Brindamos, tomamos as poções. Inspirei fundo, preparanto os ombros ao mergulho. Mais cedo ou mais tarde, guardas desceriam e tentariam nos pegar com feitiços, mesmo que uma perseguição difícil de escapar fosse impossível. Então, tínhamos que partir na frente. Esperamos alguns batimentos de coração. E então… nada. A poção não fez efeito.
“Gato,” falou Indrani devagar, mas não respondi.
Fechei os olhos. E lá estava, a peça que faltava. Malicia queria que Akua visse o corpo no Cofre, por isso os Olhos—que sem dúvida tinham reportado para ela na cidade, assim que suspeitaram que eu não poderia mais matá-los—esperaram tanto para soar o alarme. Mas não fazia sentido ela simplesmente... nos deixar passar. Por mais que eu odeie a imperatriz, ela é uma das pessoas mais inteligentes que conheci. Malicia sempre quis pegá-la. Precisava de um Feiticeiro, alguém que dominasse bem minha mente, meus planos, e pretendia conseguir tudo com uma só jogada. E havia um jogo mais profundo aqui, que começo a entender. O Intercessor, que nos denunciou na fortaleza, mas não conseguiu nos capturar. O Bardo tinha certeza que Sargon cobrira o cofre e os celeiros, descobrindo uma linha minha que me deixaria sem saída, além de uma pista única.

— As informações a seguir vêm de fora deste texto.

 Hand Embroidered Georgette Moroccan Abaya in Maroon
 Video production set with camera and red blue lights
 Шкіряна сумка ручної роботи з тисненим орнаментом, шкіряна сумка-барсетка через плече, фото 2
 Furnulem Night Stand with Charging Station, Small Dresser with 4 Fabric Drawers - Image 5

Ela também queria que Akua estivesse naquele momento na sala, e isso me arrepiou. Ela sabe de algo que eu não sei? Cometi algum erro? Ou, talvez, estou finalmente entendendo melhor ela do que meus oponentes? Meus dedos cerraram, depois relaxaram. Ninguém saberia a resposta, suspeito. Além disso, ao ver o pulsar da magia, a proteção sendo ativada, está aí. Minhas dúvidas eram confirmadas. Mesmo assim, tenho a sensação de que estou perdendo alguma coisa. Que estou subestimando os inimigos.

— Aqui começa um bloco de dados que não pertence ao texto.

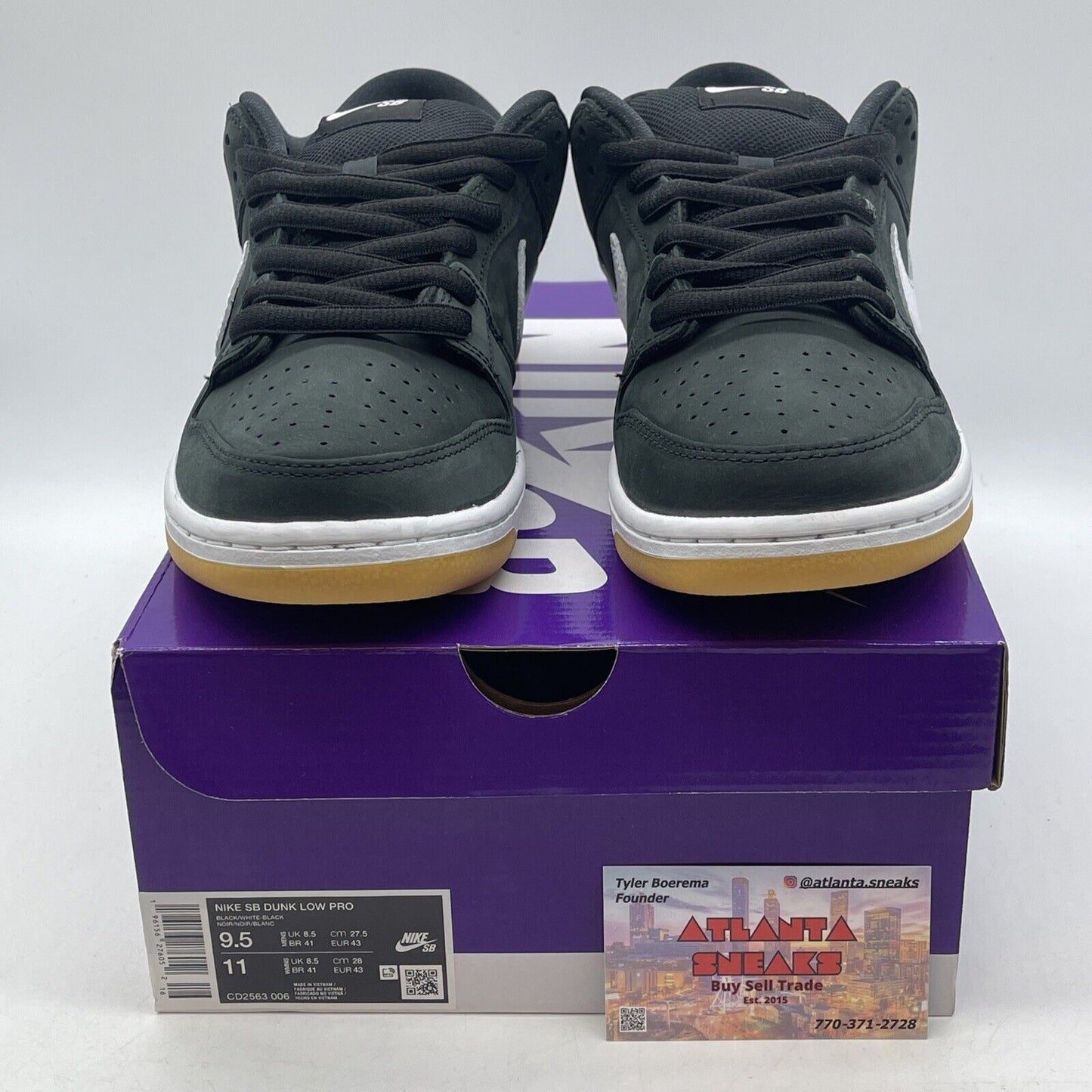 Size 9.5 - Nike Dunk Low SB Black Gum White Brown Suede (CD2563-006)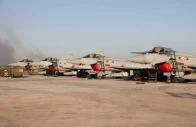 typhoon fighter jets from britain s royal air force on the tarmac at raaf darwin base in darwin northern australia july 17 2024 reuters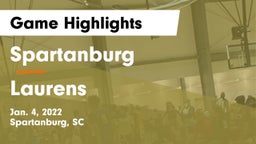 Spartanburg  vs Laurens  Game Highlights - Jan. 4, 2022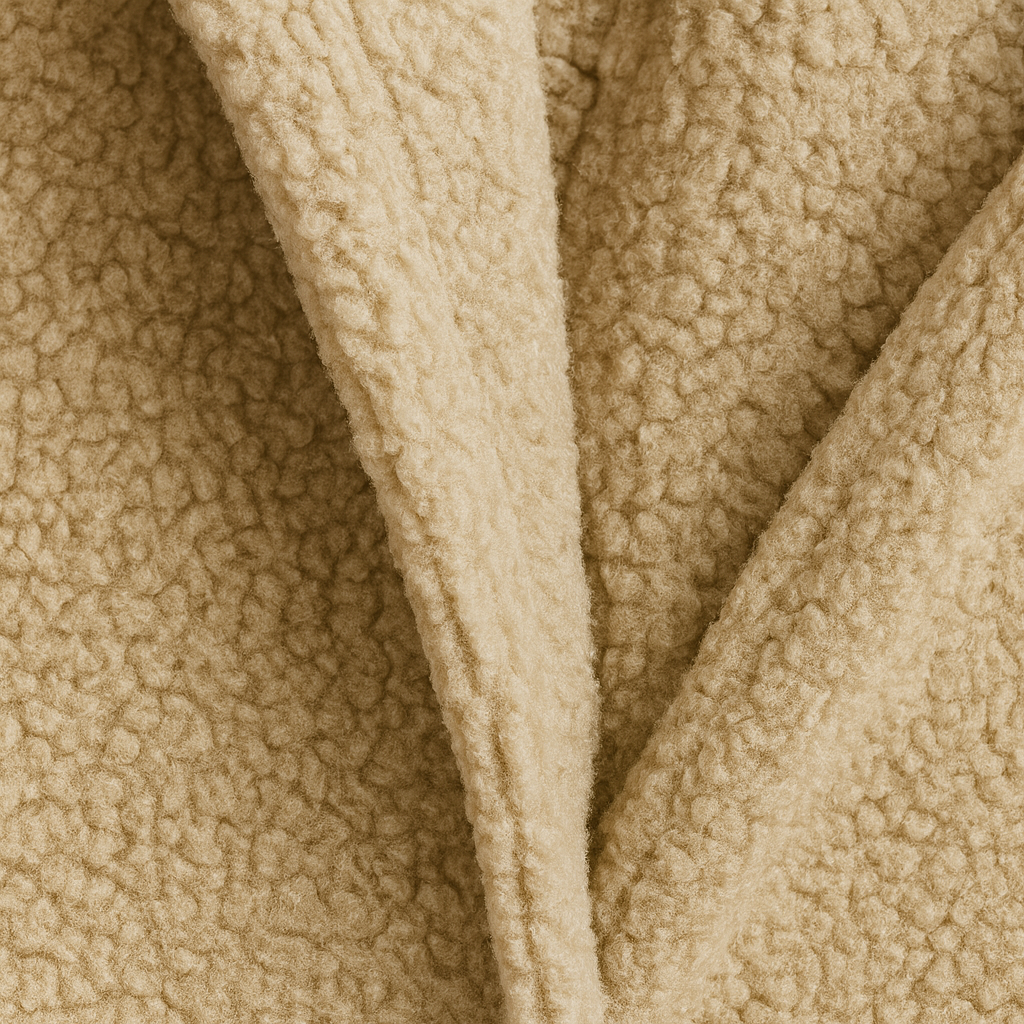 Hooded teddy coat with open front and side pockets, designed for cozy cold-weather layering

“Temos que sair,” falei. “Eles sabem que estamos aqui.”
“Droga,” amaldiçoou Indrani. “Acha que deveríamos pegar o...”
Ela hesitou. Olhei para Akua.
“Não,” ela respondeu com firmeza. “Vai ser uma armadilha.”
Saímos pela porta principal. No final do corredor, o hall de onde ficavam os cofres, e lá no fim, uma surpresa: uma cena que nos fez parar. Um altar e um corpo adormecido, mas o que mais nos assustou foi uma réplica exata de Akua Sahelian, bem ali, respirando. Um movimento sutil cobriu o corpo, mas eu, que conhecia ela, tinha certeza de que era uma cópia sua. Uma que respirava. A sombra, com o rosto impassível, deu passos hesitantes e tocou o corpo. Depois de um instante, ela arfou.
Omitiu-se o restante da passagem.